Desde la niñez aprendemos a ocultarla. Escuchamos frases como: “no llores”, “eso no es para tanto”, “ya eres mayor”. Mensajes que nos enseñan que mostrarnos sensibles es un error. Nuestro cerebro, que busca siempre protegernos y garantizar la supervivencia, aprende entonces que ser vulnerables es peligroso. Y cada vez que esa sensación aparece, hacemos lo posible por disfrazarla. Pero cuidado, no desaparece, solo se esconde bajo conductas más aceptadas socialmente.
Imagina la siguiente escena: en una reunión haces un comentario y nadie lo toma en serio. Mientras vuelves a casa, le das vueltas, pero enseguida te dices: “no seas infantil, ya eres mayor”. Para no conectar con el malestar, te entretienes con cualquier actividad. Días después, en una discusión con tu pareja, algo mínimo te hace sentir pequeño y respondes con ira desproporcionada. En realidad esa rabia es tu vulnerabilidad buscando un lugar para expresarse.
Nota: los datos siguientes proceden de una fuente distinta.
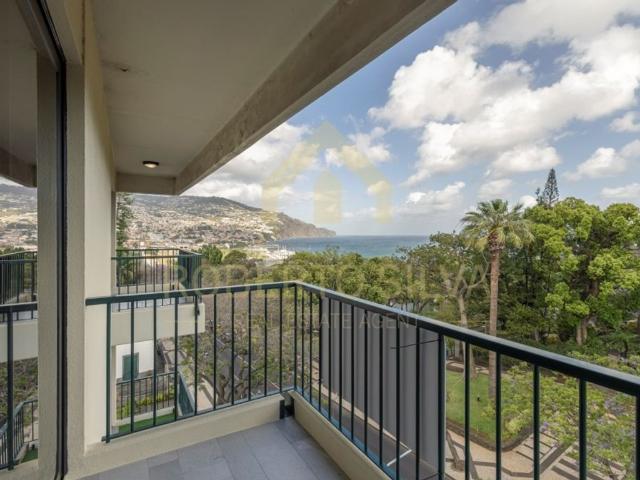 à venda Apartamento de alto padrão de 113 m2, Funchal, Madeira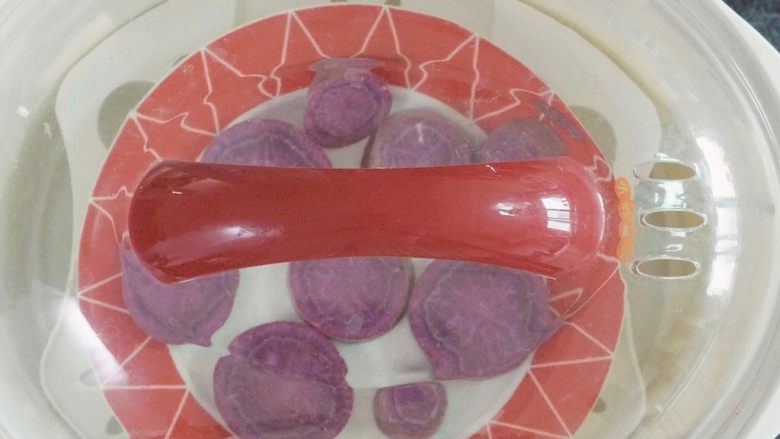 宝宝辅食 富含花青素的紫薯泥,蒸15分钟左右，可以用筷子扎一下，能够轻易扎透即可。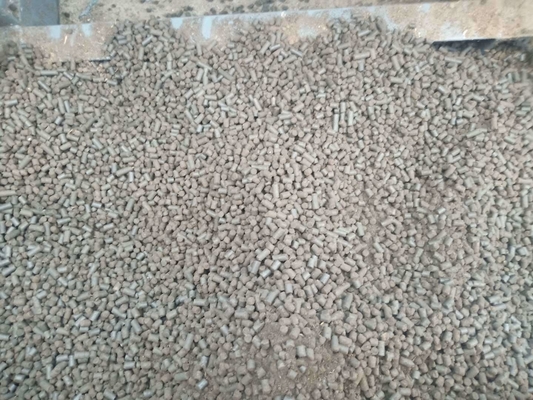 Máquina de fabricação de pellets para alimentos para aves de capoeira de 85 kg para equipamento de processamento de alimentos para animais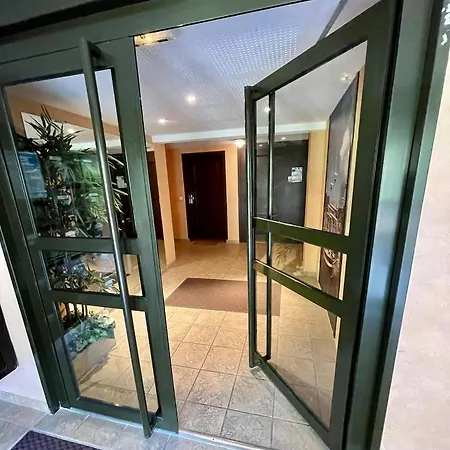 Beautiful Ground Floor 2 Bedroom Apartament Honfleur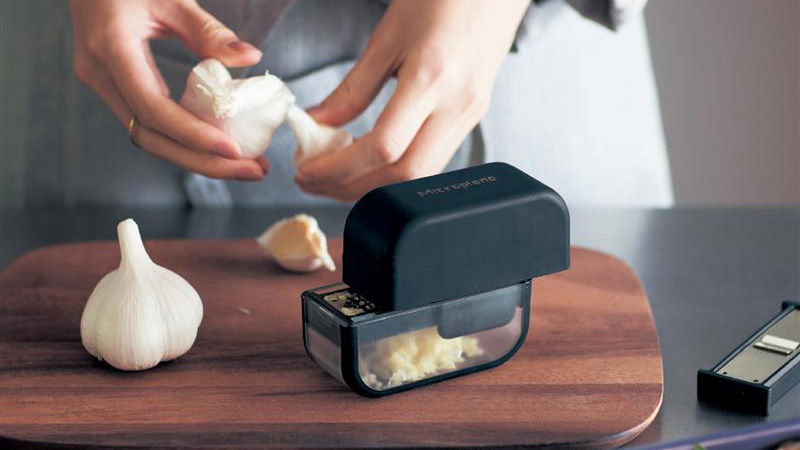 ベルメゾン ガーリックスライサー｜スライス＆おろしが簡単にできる便利キッチン用品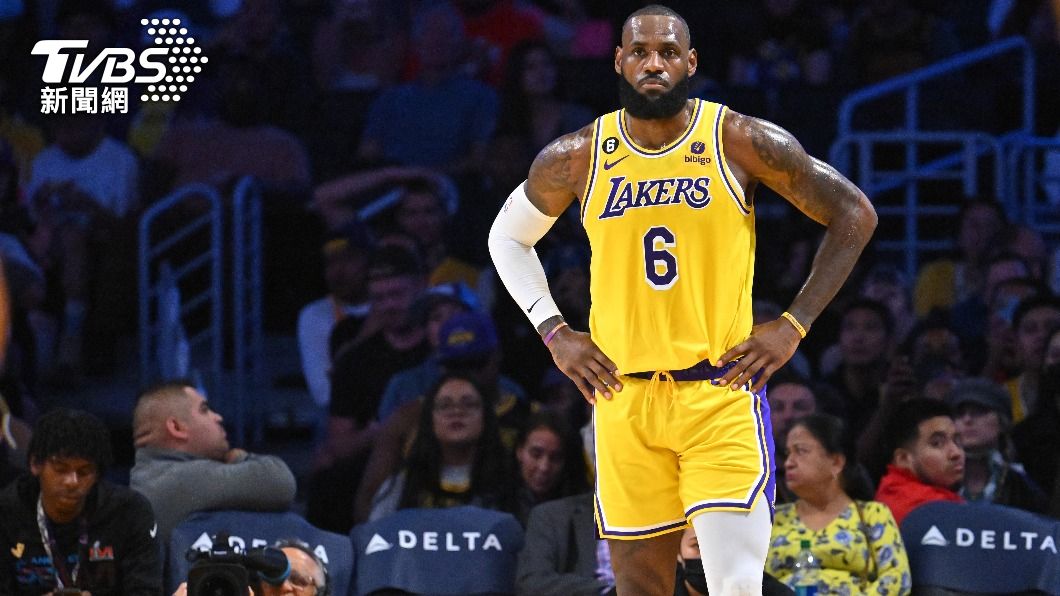 詹姆斯（LeBron James）還在尋找狀態，全場7投盡墨僅拿下4分4助攻。（圖／達志影像路透社）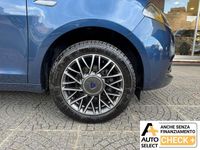Usata Lancia Ypsilon 69 CV (50 kW) 2023 Blu/azzurro Utilitaria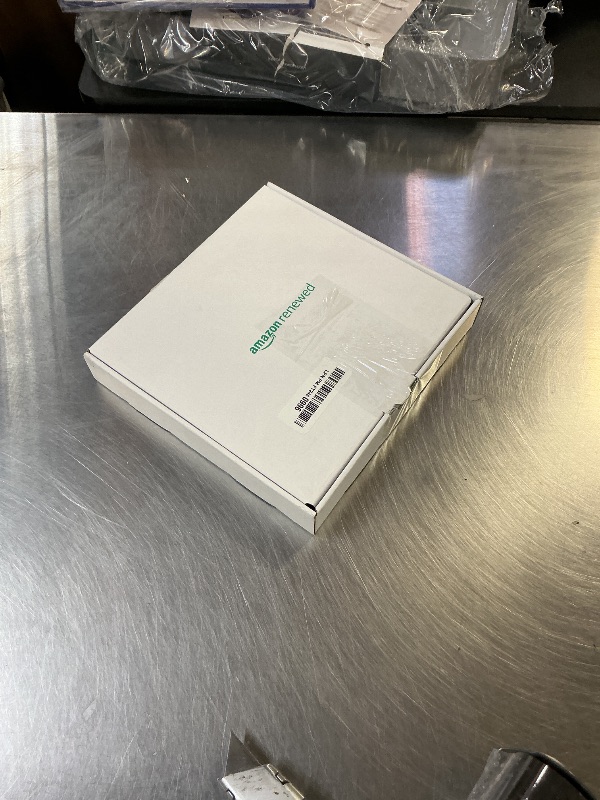 Photo 1 of Apple iPhone SE 3rd Gen, 64GB, RED - Unlocked (Renewed Premium)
Lo mismo ocurre cuando vemos a otros mostrarla. A veces pensamos: “qué débil, si yo tuviera sus problemas…”. Esa crítica refleja, en el fondo, nuestra propia dificultad para aceptarla en nosotros.
Otro ejemplo clásico es el miedo a hablar en público. Puedes prepararte, ensayar y memorizar… pero al estar frente al auditorio te bloqueas. No es falta de capacidad, es que tu cerebro lo asocia con una experiencia pasada de dolor y quiere protegerte. Lo hace, pero no de manera adaptativa: evita que sientas vulnerabilidad, aunque te bloquee en el proceso.
Es importante no confundir vulnerabilidad con victimismo. No se trata de quejarse ni de quedarse atrapados en el dolor, sino de escuchar lo que ocurre sin juzgarte. Significa darle un lugar, reconocer la historia que la originó y concederle el permiso para sostenerlas con compasión.
En ese camino, aparece una tarea fundamental: cuidar a nuestro “niño interior”. Todos tenemos dentro una parte que se sintió herida alguna vez y que aún pide atención. Escucharla con paciencia, hablarle desde el adulto que somos ahora y validarla nos permite comprendernos, reconciliarnos con nuestra historia y, sobre todo, querernos un poco más.
Porque la verdad es que no todos sentimos lo mismo ante una misma situación. Cada persona guarda memorias, heridas y aprendizajes que la han marcado de manera distinta. Reconocer nuestra vulnerabilidad no nos hace débiles, nos hace profundamente humanos. Y en esa humanidad se encuentra nuestra mayor fortaleza.